**** Data provided ****

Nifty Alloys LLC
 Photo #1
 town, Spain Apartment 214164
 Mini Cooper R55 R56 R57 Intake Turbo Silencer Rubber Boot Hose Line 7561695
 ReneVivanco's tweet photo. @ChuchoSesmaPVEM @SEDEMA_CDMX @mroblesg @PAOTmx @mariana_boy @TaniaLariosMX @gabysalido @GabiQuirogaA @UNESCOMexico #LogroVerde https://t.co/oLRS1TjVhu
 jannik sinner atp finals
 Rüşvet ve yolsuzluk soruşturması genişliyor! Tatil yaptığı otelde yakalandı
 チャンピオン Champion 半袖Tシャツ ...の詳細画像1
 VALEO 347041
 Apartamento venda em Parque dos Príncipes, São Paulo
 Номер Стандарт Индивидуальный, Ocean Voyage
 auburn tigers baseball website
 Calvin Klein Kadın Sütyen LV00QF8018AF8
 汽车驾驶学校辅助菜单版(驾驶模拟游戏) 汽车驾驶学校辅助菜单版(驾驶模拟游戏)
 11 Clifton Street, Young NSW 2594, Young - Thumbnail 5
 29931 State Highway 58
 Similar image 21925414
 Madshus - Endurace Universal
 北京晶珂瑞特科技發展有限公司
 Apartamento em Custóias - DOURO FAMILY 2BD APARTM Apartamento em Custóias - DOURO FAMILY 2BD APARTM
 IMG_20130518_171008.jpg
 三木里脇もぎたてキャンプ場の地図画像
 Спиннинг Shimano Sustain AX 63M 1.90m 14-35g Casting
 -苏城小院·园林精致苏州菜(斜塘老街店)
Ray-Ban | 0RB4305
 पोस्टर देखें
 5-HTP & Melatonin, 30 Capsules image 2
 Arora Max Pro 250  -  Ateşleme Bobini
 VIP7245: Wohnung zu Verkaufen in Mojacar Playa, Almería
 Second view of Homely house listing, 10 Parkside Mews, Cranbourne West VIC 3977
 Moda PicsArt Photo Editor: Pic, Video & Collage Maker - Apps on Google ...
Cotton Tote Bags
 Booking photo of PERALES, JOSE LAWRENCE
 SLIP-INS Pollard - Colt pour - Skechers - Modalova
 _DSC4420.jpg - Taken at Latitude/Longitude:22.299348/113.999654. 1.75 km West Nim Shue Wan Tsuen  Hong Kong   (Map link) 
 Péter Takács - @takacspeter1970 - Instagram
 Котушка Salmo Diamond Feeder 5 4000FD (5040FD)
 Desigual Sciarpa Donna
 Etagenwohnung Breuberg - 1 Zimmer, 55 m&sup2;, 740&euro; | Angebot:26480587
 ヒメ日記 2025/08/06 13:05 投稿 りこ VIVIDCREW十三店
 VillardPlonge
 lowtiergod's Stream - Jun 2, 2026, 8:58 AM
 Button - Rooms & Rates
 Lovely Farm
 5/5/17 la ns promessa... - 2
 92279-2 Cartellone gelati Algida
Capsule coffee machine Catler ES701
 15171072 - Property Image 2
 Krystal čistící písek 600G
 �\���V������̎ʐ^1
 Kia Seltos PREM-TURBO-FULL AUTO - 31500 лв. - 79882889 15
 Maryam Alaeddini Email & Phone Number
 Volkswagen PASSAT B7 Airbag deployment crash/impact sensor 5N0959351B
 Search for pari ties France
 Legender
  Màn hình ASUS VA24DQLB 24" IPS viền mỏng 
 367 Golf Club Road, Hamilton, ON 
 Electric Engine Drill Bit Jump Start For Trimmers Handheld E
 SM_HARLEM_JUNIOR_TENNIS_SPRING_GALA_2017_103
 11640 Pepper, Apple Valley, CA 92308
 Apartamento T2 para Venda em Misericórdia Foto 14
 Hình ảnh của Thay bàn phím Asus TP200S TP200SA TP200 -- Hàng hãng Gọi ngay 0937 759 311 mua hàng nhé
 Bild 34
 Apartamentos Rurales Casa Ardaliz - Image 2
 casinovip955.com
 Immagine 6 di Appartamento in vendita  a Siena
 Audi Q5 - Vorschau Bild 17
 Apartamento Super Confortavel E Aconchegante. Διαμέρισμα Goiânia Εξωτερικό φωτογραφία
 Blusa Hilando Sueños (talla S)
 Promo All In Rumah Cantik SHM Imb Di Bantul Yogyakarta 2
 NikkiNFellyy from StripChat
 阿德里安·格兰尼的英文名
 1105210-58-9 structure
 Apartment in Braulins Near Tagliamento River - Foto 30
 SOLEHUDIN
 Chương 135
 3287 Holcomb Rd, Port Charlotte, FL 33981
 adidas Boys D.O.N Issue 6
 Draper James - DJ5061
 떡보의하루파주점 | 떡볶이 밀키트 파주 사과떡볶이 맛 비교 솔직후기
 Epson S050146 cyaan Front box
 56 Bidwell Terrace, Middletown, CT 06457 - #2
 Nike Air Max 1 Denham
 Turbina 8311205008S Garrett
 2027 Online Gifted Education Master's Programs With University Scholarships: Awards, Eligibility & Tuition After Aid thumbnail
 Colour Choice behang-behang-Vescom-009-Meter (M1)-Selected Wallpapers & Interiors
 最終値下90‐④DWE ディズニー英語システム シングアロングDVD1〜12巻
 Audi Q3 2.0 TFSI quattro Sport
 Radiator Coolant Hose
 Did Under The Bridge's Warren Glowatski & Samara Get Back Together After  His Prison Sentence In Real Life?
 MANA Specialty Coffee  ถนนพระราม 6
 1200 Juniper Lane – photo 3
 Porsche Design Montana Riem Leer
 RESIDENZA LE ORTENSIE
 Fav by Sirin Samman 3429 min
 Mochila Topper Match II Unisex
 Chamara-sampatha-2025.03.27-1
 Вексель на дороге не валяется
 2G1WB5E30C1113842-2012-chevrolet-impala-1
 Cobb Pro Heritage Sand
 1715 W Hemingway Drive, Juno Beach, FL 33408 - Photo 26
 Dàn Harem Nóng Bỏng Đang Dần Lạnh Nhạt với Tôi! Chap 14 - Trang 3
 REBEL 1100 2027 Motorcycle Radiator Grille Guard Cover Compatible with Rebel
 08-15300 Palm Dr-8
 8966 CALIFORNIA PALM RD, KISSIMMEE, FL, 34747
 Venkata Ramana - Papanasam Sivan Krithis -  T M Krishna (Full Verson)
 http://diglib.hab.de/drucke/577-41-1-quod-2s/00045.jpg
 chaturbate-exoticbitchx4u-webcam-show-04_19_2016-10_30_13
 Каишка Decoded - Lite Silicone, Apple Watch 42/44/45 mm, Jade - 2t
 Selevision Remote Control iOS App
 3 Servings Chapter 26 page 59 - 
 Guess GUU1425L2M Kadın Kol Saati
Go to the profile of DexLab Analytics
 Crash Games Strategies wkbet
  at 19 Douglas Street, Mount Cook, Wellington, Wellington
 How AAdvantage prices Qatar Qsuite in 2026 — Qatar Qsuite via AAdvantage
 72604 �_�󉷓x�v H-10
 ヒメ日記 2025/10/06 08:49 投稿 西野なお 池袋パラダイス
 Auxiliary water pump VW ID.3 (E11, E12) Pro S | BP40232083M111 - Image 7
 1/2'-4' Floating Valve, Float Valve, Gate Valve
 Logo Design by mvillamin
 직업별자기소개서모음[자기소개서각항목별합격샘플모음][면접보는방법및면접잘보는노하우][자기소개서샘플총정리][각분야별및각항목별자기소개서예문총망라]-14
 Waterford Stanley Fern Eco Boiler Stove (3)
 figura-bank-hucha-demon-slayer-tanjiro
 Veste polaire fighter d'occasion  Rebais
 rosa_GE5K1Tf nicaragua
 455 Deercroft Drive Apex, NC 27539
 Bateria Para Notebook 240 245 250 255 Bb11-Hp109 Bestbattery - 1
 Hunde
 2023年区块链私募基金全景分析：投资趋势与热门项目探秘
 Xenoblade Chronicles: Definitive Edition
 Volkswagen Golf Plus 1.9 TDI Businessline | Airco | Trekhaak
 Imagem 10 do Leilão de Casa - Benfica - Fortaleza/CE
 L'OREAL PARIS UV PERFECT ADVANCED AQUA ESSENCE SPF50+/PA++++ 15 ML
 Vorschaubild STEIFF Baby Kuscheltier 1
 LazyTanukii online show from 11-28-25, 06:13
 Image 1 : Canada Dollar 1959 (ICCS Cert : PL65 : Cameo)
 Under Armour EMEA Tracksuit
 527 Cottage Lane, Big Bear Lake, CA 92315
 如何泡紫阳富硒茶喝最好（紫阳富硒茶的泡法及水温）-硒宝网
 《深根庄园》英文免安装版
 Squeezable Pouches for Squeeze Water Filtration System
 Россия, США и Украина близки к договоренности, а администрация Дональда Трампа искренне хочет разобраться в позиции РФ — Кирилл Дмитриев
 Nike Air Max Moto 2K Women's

****

:: Task prompt ::
Only one stretch of the data above is needed. Restate it word for word, from the line containing "08-15300 Palm Dr-8" through the line containing "at 19 Douglas", both ends included.

:: Result below ::
 08-15300 Palm Dr-8
 8966 CALIFORNIA PALM RD, KISSIMMEE, FL, 34747
 Venkata Ramana - Papanasam Sivan Krithis -  T M Krishna (Full Verson)
 http://diglib.hab.de/drucke/577-41-1-quod-2s/00045.jpg
 chaturbate-exoticbitchx4u-webcam-show-04_19_2016-10_30_13
 Каишка Decoded - Lite Silicone, Apple Watch 42/44/45 mm, Jade - 2t
 Selevision Remote Control iOS App
 3 Servings Chapter 26 page 59 - 
 Guess GUU1425L2M Kadın Kol Saati
Go to the profile of DexLab Analytics
 Crash Games Strategies wkbet
  at 19 Douglas Street, Mount Cook, Wellington, Wellington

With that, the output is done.